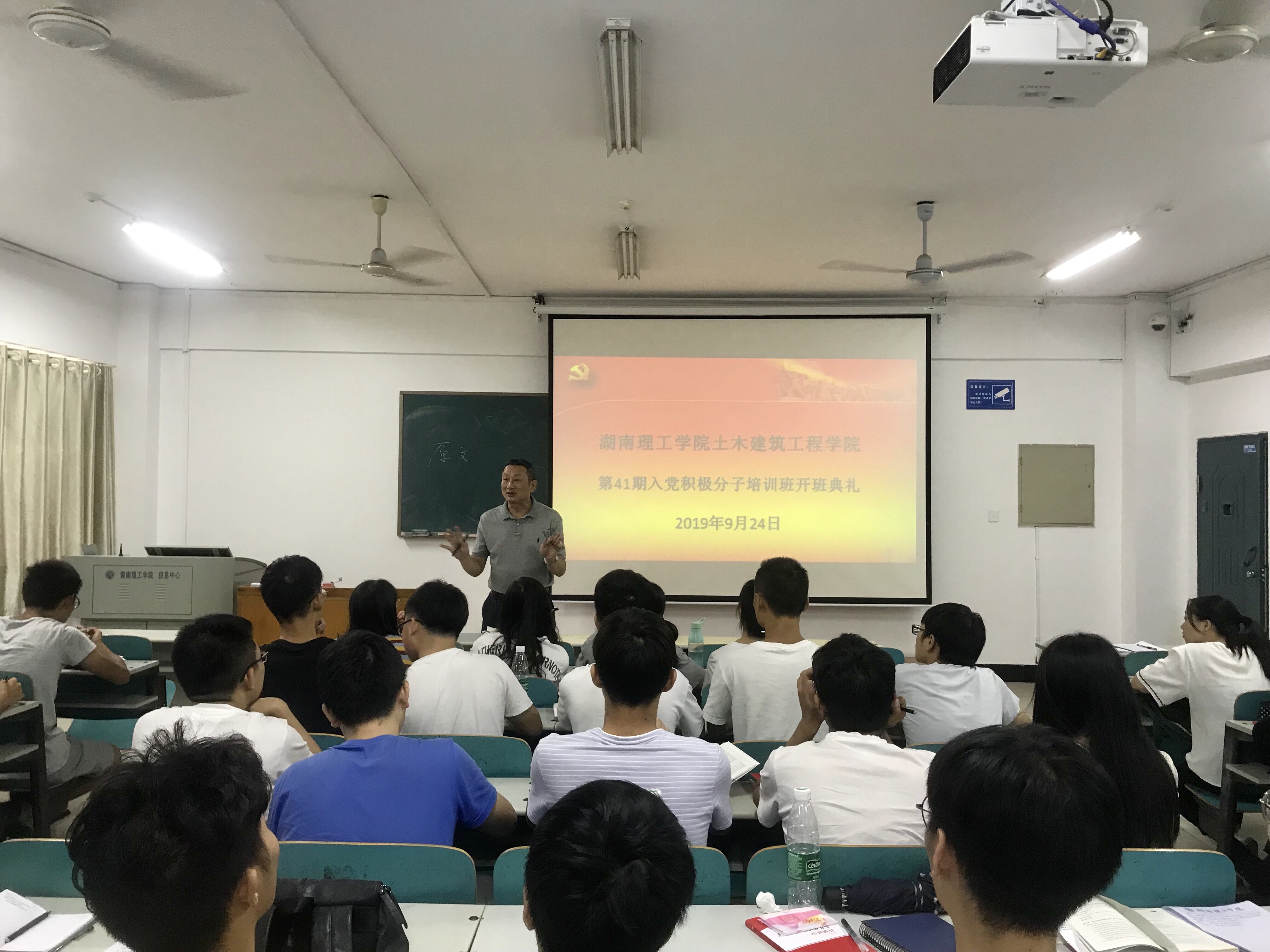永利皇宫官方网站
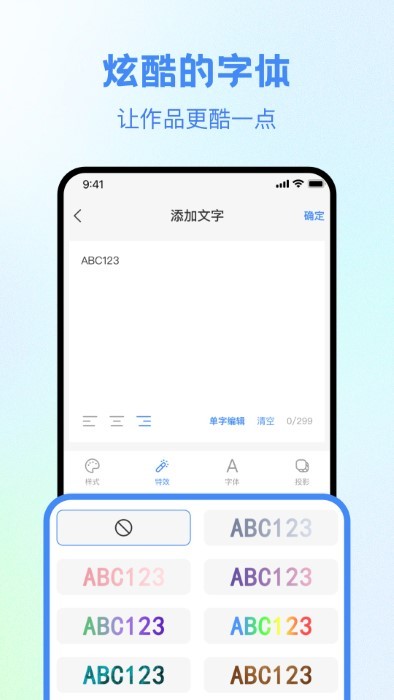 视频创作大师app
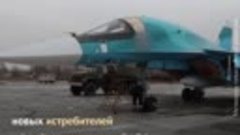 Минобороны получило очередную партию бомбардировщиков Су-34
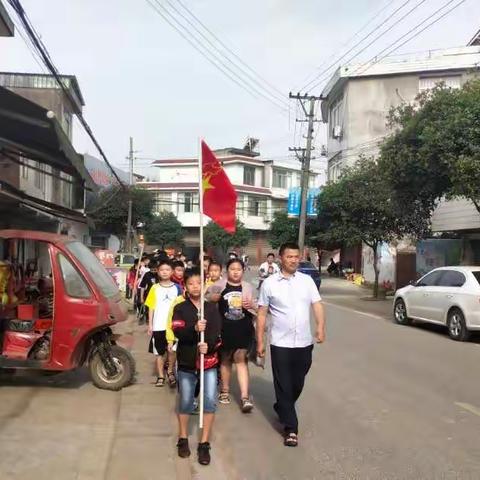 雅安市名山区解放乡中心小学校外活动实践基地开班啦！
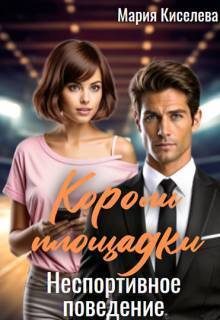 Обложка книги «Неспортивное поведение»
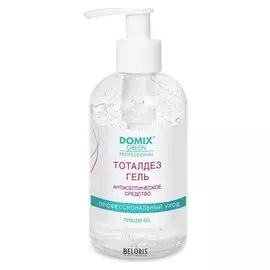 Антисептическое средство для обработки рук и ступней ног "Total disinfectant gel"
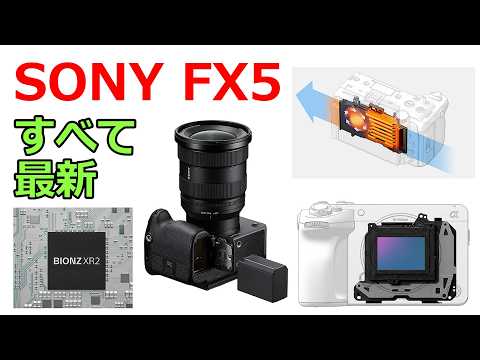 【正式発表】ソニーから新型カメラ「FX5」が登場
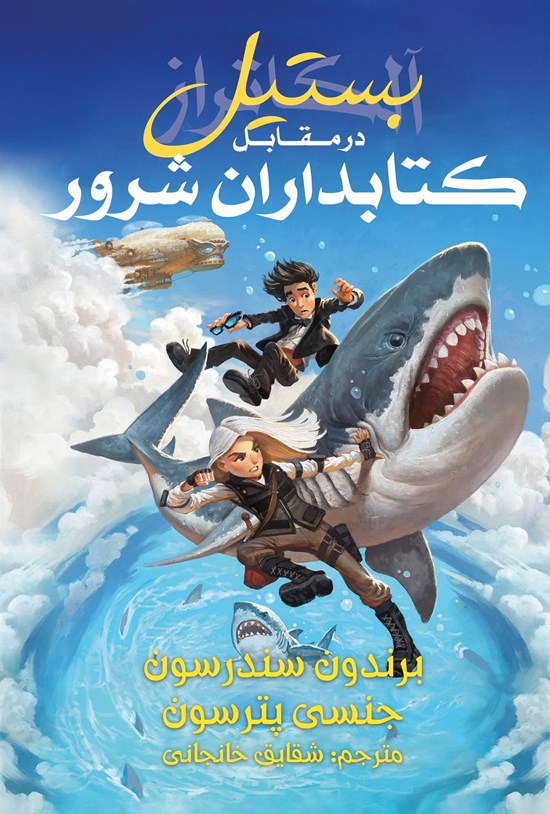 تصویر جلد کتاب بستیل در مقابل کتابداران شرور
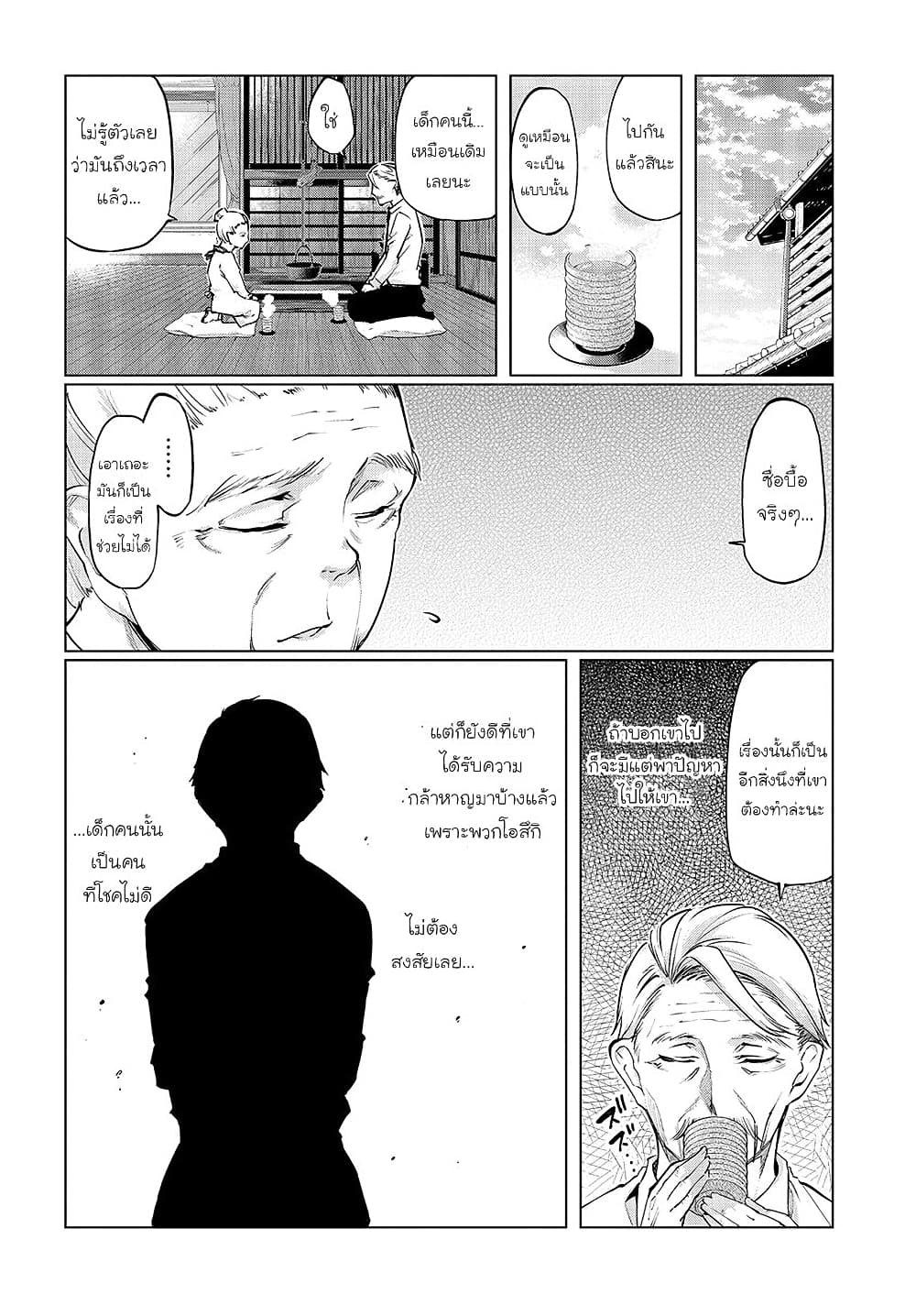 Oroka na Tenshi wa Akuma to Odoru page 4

==

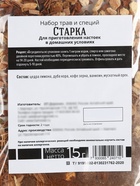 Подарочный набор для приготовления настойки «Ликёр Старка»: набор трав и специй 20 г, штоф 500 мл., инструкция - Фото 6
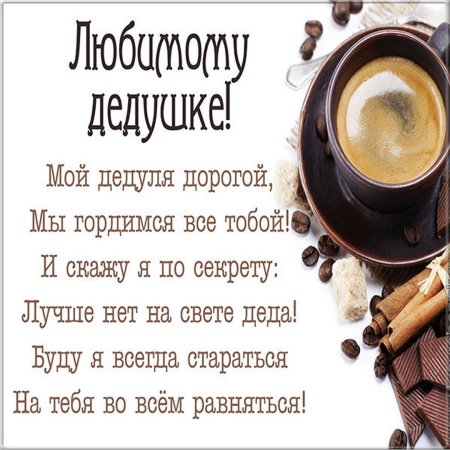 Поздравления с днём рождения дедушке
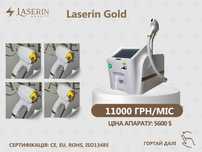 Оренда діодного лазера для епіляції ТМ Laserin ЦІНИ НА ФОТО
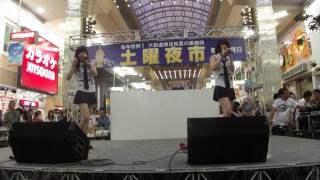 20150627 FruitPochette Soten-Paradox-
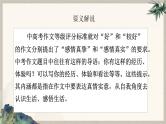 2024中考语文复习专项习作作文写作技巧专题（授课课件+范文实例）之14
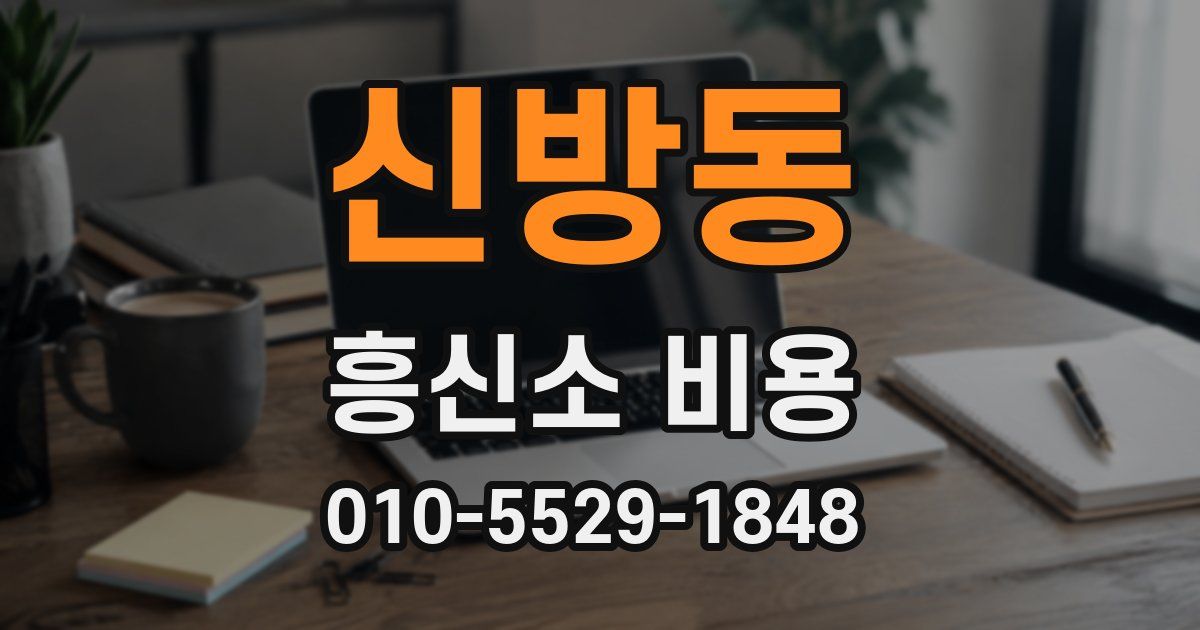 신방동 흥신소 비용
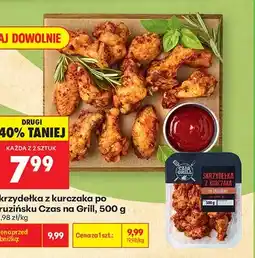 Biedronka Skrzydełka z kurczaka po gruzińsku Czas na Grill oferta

...

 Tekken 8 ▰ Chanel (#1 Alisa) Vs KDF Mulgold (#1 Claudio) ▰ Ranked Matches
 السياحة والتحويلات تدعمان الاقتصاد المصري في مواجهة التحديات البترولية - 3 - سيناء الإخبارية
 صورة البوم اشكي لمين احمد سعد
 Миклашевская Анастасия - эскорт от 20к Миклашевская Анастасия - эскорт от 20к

• Directions
Find the line with "Подарочный набор для" in the data above, and from there retype each line exactly through the line with "Biedronka Skrzydełka z", skipping the pictures along the way.

• Output for this task
 Подарочный набор для приготовления настойки «Ликёр Старка»: набор трав и специй 20 г, штоф 500 мл., инструкция - Фото 6
 Поздравления с днём рождения дедушке
 Оренда діодного лазера для епіляції ТМ Laserin ЦІНИ НА ФОТО
 20150627 FruitPochette Soten-Paradox-
 2024中考语文复习专项习作作文写作技巧专题（授课课件+范文实例）之14
 신방동 흥신소 비용
 Biedronka Skrzydełka z kurczaka po gruzińsku Czas na Grill oferta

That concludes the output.